**WHAT NEEDS TO BE DONE**
Could you output every record below exactly as it appears?

**RECORD EXCERPTS**
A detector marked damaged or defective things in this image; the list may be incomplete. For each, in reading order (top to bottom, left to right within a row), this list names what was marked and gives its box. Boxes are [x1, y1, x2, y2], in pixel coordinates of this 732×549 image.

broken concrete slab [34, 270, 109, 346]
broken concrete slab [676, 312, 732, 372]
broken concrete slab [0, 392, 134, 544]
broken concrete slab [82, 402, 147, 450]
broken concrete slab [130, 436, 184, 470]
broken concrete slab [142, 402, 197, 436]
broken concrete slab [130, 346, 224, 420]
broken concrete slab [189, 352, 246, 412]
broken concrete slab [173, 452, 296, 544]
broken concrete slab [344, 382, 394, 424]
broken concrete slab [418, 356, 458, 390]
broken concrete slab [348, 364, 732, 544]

**EXPECTED ANSWER**
A detector marked damaged or defective things in this image; the list may be incomplete. For each, in reading order (top to bottom, left to right within a row), this list names what was marked and gives its box. Boxes are [x1, y1, x2, y2], in pixel coordinates of this 732×549 image.

broken concrete slab [34, 270, 109, 346]
broken concrete slab [676, 312, 732, 372]
broken concrete slab [0, 392, 134, 544]
broken concrete slab [82, 402, 147, 450]
broken concrete slab [130, 436, 184, 470]
broken concrete slab [142, 402, 197, 436]
broken concrete slab [130, 346, 224, 420]
broken concrete slab [189, 352, 246, 412]
broken concrete slab [173, 452, 296, 544]
broken concrete slab [344, 382, 394, 424]
broken concrete slab [418, 356, 458, 390]
broken concrete slab [348, 364, 732, 544]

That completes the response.